A 29-point lead became a 7-point loss, and I just sat there, in the house that Lew Alcindor built, trying to figure out what the hell just happened.
The common narrative since that crushing loss has been that, “someone must’ve given one hell of a speech after that lost weekend in Los Angeles.”
Whatever was said (and whoever said it) has clearly worked because February 23rd also happens to be the last time the Ducks lost a game of basketball.
Kenny Wooten’s Gonna Score!
Since LA, Kenny Wooten has started flying all over the court again.
Francis Okoro has become a reliable force down low as a rebounder, and as a defender, which has allowed Wooten to go after his trademark monster blocks with the piece of mind that a guy like Okoro will be there to back him up.
To say that Wooten has been running rampant during this 10-game winning streak would be a monumental understatement.
With a career-high 7 blocks in the UC Irvine game alone, Kenny’s breathtaking flash, enthusiasm, and unapologetic showboating has earned him a Jordan Bell-sized national spotlight.
Wooten has also become a must-see ally-oop attraction throughout March, including an iconic posterization of Washington’s Noah Dickerson that played a part in spoiling the Huskies’ Senior Night.
Payton Pritchard and the other guards have grown increasingly comfortable with driving the ball, and they are even happier to keep lobbing more than a few up for Kenny to send home.
Speaking of Payton Pritchard.
“Don’t know when it happened, but our boy became a man.”
Pritch must’ve sat down with some kind of WeHo self-help guru during that LA trip.
Since the Smog Sweep, he cut dairy, gluten, and chicken from his diet; started sleeping 8-9 hours every night, and has been playing “Settlers of Catan” in the locker room before every game.
One-part mental exercise; one-part superstition, his nouveau TB12/alt-keto system has his mind, body, and soul in peak “playoff mode,” and the entire team knows that Playoff Pritch is the one steering this ship.
PP3’s improved focus, unquestioned leadership, and statement dunking ability, are what rightfully earned him MVP honors at the Pac-12 Tourney in Vegas.
Perhaps the key takeaway here is that everyone looking to take their career to the next level should plan on switching to almond milk and finally busting out that “Settlers” expansion pack?
They tried to make me go to Ehab
Ehab Amin’s electric energy, and the impact it has had on the Ducks, cannot be emphasized enough.

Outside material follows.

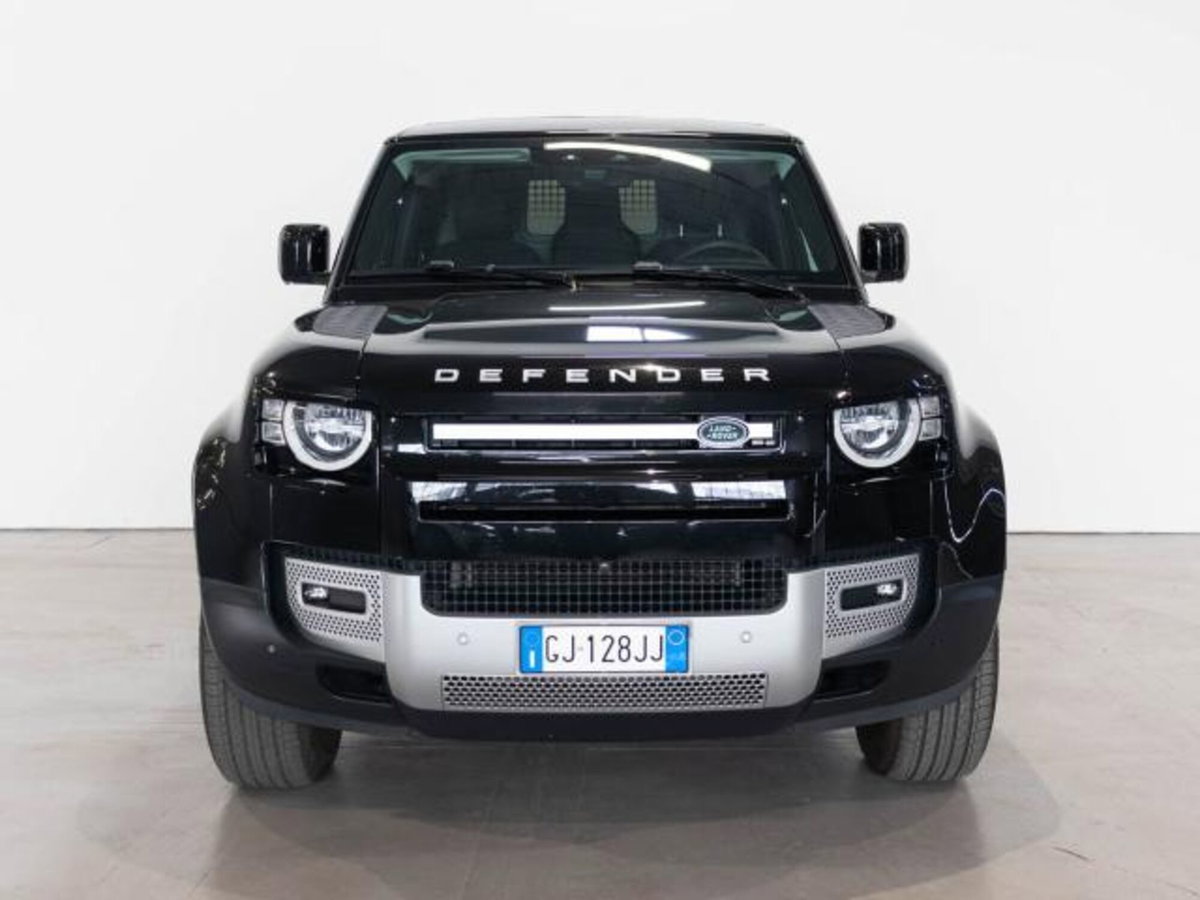 Land Rover Defender 90 3.0D I6 200 CV AWD Auto X-Dynamic HSE (2)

Ehab is the kind of guy who would run through a wall, and the way in which he ran through said wall would inspire an onlooker so deeply that they would be compelled to run through twenty different walls of their own.

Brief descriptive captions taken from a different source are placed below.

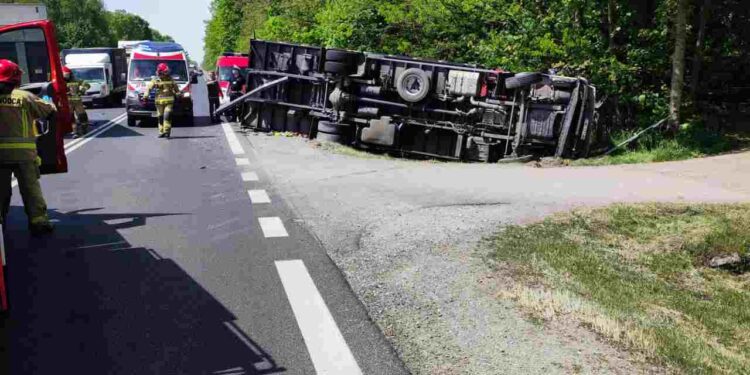 Powiat zwoleński: Zderzenie tirów – kierowca w szpitalu [Galeria]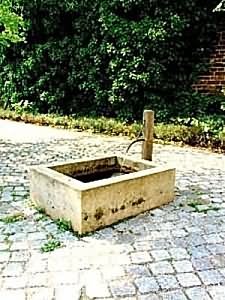 R&ouml;hrwasserbrunnen im Melanchthonhaus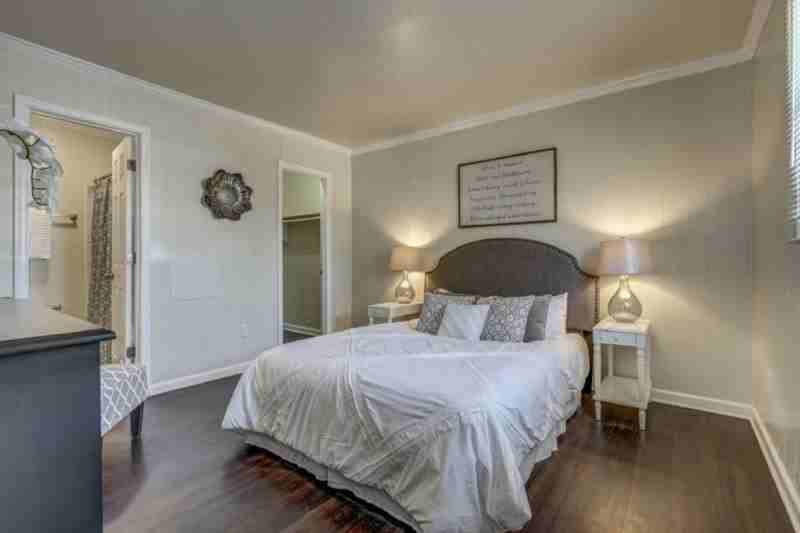 3142 Parkdale Rd - Photo 2 of 7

Deflections, steals, and defensive guts has been the name of the senior transfer’s game, and his teammates have answered that tenacity in kind.
Bill Walton’s “Egyptian Pharoah” just has that kind of Egyptian Phire.
It also can’t be overlooked that King, White, and Richardson have been impeccable during this run. Each of them continue to come up clutch exactly when the Ducks have needed them to.
With the new team mentality that the Ducks of March have adopted since their Escape from LA, any one of these players could be the one that comes up big against 1-seed Virginia tonight at 6:57 PM PST.
But one thing is clear:
The Ducks are not your Cinderella.
The Ducks are more like Prince Charming if he took a gap year and muddled around for a bit before finally finding his true calling of playing unrelenting defense and unapologetically communicating with, relying on, and trusting in his teammates.
The Ducks have clearly gotten all their losing out of the way.
They’ve already won 10 games in a row, so what’s one (or four) more?
They’re finally where everyone thought they would be, they just took an alternative path to get there.
So cook up some red meat tonight, crack open a gluten-free hard cider, and enjoy a new kind of madness, because Pritch and the Ducks ain’t done yet.